__Exercise instructions__
All of the listing must be given again exactly, except that the images are dropped.

__Input data__
-*-
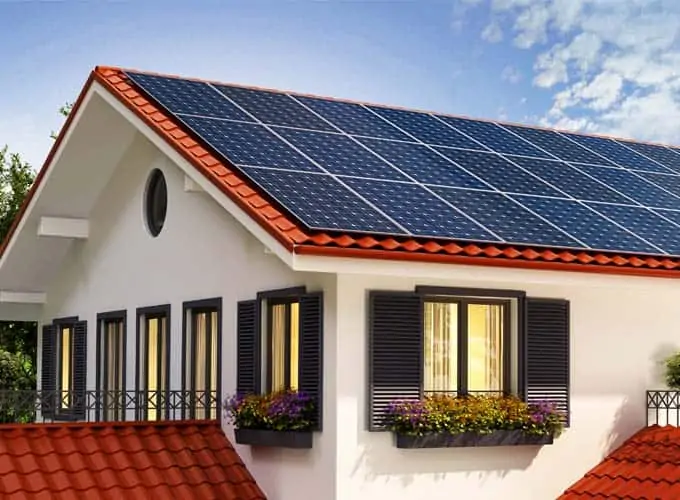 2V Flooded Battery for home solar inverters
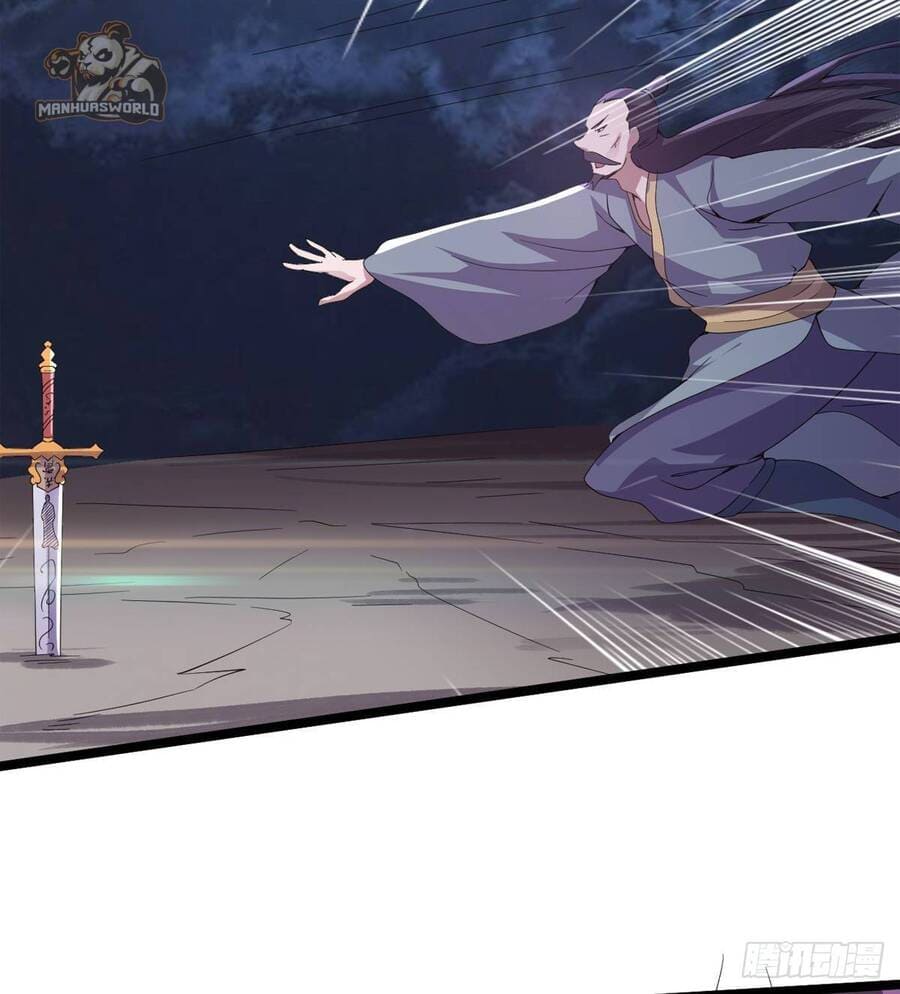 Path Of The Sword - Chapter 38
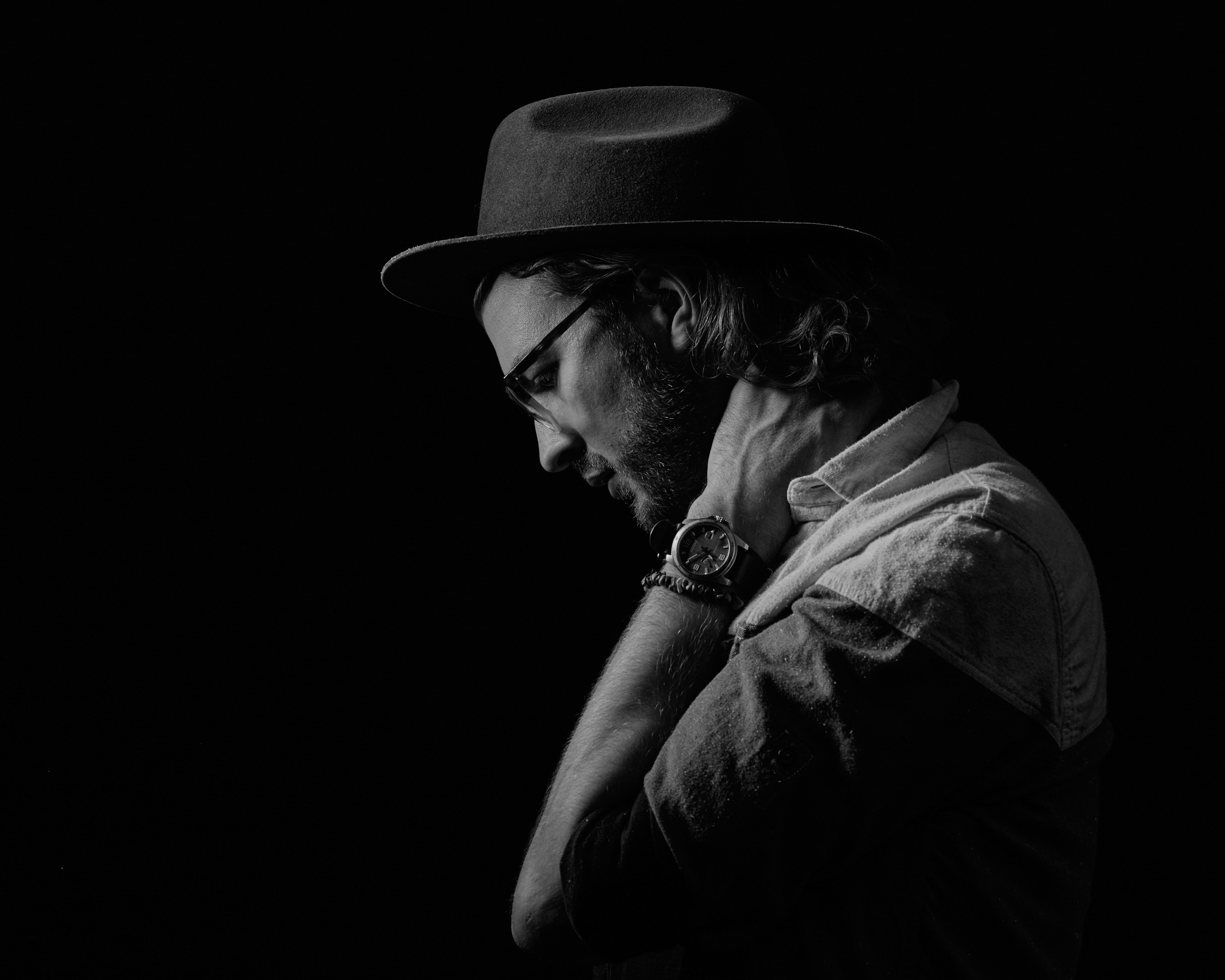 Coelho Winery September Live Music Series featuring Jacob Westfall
-*-
__Final answer__
 2V Flooded Battery for home solar inverters
 Path Of The Sword - Chapter 38
 Coelho Winery September Live Music Series featuring Jacob Westfall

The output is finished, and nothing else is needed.